End indefinite limbo for refugees in Indonesia! Lift Australia's ban on resettlement!
On 18 November 2014, the then immigration minister Scott Morrison announced that refugees and asylum seekers registered with the United Nations High Commissioner for Refugees in Indonesia on or after 1 July 2014 were no longer eligible for resettlement to Australia. The announcement came 12 months after the Abbott government commenced Operation Sovereign Borders, using the navy to turn back asylum seeker boats from Indonesia.
Even before 2014, the number of UN-recognised refugees that Australia was resettling out of Indonesia was very very low. After averaging around 50 a year between 2001 and 2009, it rose to around 450 a year between 2010-11 and 2013-14 prior to the imposition of the ban.
As a result of this ban, some 14,000 refugees and asylum seekers have been in limbo in Indonesia for five, and even up to 10 years. They survive on a few dollars a day, have no right to work or to access Indonesia’s health or education systems.
The resettlement process for these thousands of refugees has been brutally long, and because other UN resettling countries regard Indonesia as Australia’s zone of resettlement responsibility, their prospects for resettlement are effectively zero. Most are forced to survive on an International Organisation for Migration (IOM) allowance of about $100 per month--just over $3 a day. Last year, hundreds of refugees were so desperate that they started sleeping under tarpaulin tents on a street next to an already full detention centre in West Jakarta, in the hope that they might be offered food and shelter.

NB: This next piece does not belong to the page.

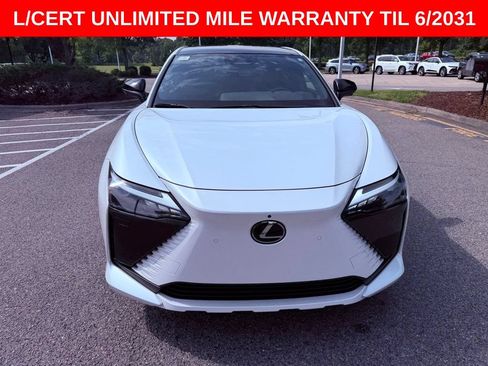 Used 2025 Lexus RZ 300e w/ Accessory Package (Z1) FWD image 2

There have been protests and hunger strikes in many of Indonesia’s detention centres, not least Balikpapan in East Kalimantan and Makassar in South Sulawesi. In February this year, 24 year old Hazara Sajjad Jacob died after dousing himself with petrol and setting himself on fire at the Manado Immigration Detention Centre in North Sulawesi. Sajjad had been in the Manado detention centre for almost two decades, after coming to Indonesia in 2000 as a child with his family.
The Indonesian government is now in the process of closing the detention centres, so asylum seekers are left to try to survive without support.

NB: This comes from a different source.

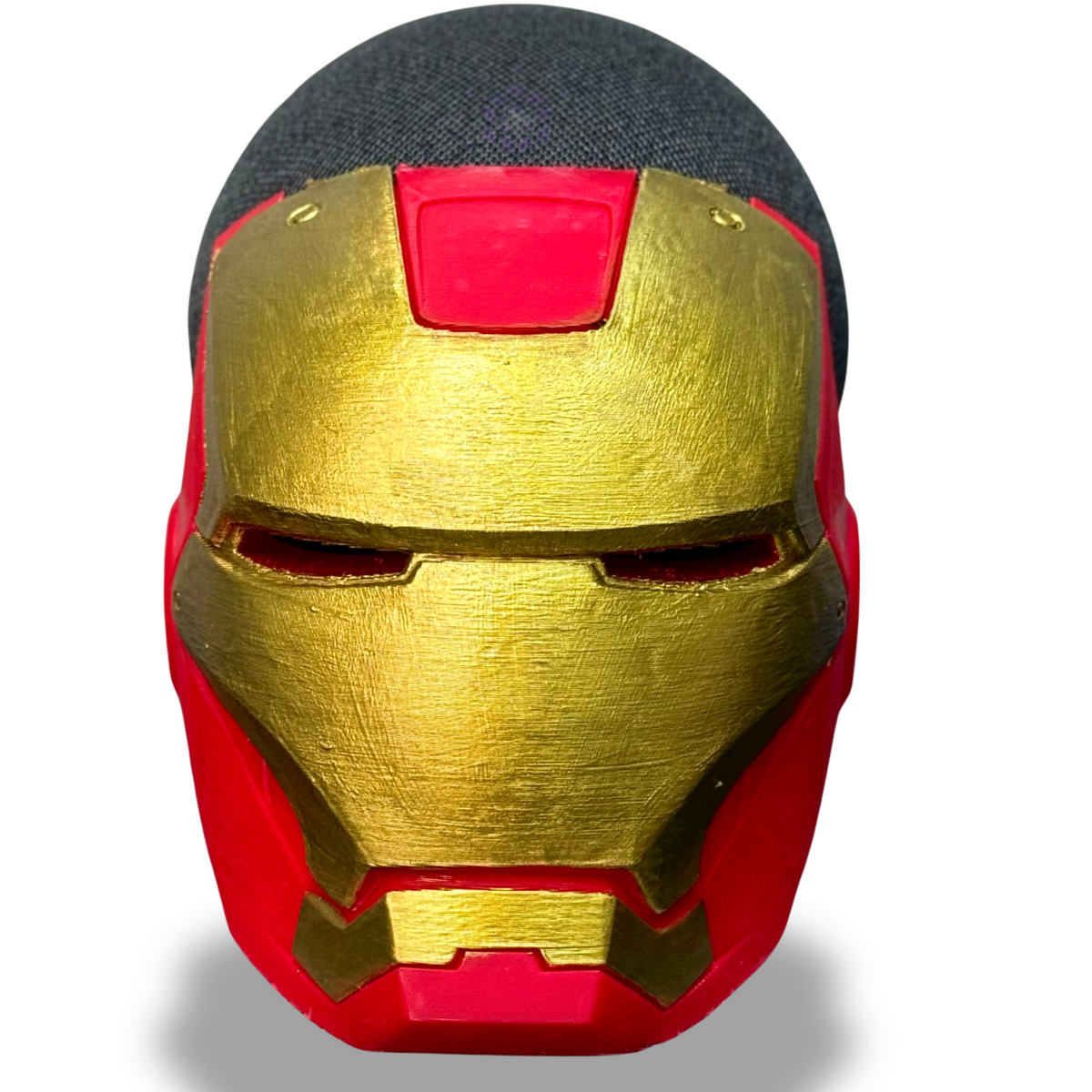 Suporte De Mesa Para Alexa Echo Dot 4 E 5 Homem De Ferro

The IOM is now introducing a new rule to force these impoverished refugees pay 10% of the cost of visiting a doctor. For those refugees with serious (and more expensive) illnesses, seeing a doctor will no longer be a possibility.

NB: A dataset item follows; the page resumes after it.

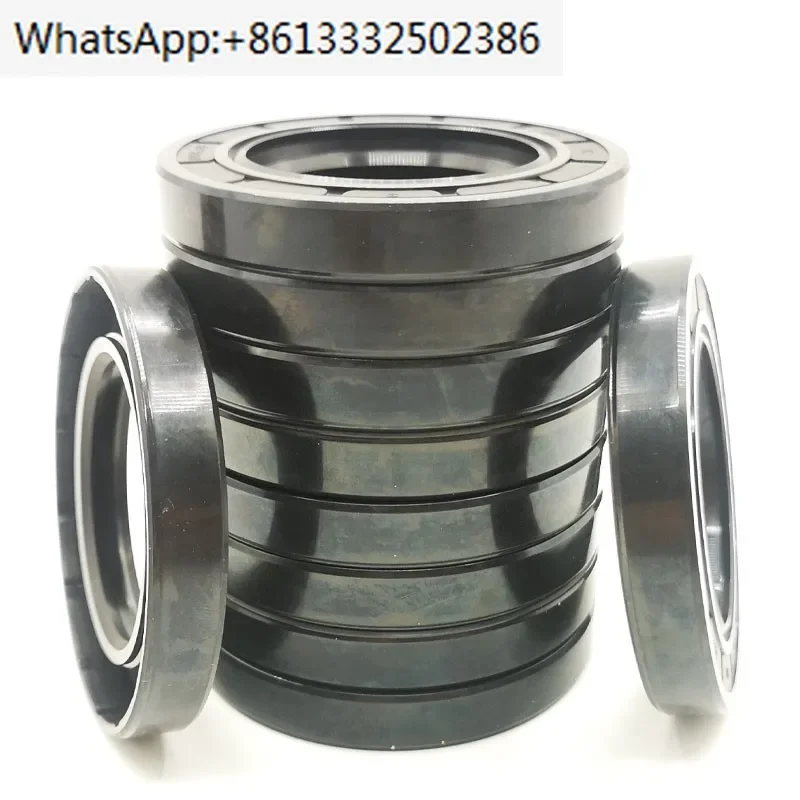 Dingqing rubber TC skeleton oil seal 30 50 52 55 56 58 60 5 7 8 10 12 oil resistant combination gasket
Dingqing rubber TC skeleton oil seal 30 50 52 55 56 58 60 5 7 8 10 12 oil resistant combination gasket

It’s time to put an end to this protracted limbo and to immediately lift the ban on resettlement of refugees out of Indonesia. The Coalition’s policy turns back asylum boats but leaves refugees in Indonesia - among whom there are teachers and other professionals – without hope.
The ALP’s national conference in December 2018 promised to “give appropriate consideration to UNHCR refugee registrations to assist Indonesia and the UNHCR to work through the backlog”. These refugees deserve more than consideration. For far too long, Australia has denied them a future and needs to act urgently. Refugee supporters are determined to fight this injustice.
We demand that the Coalition and Labor unequivocally commit to lift Australia’s ban on resettling Indonesian UNHCR refugees.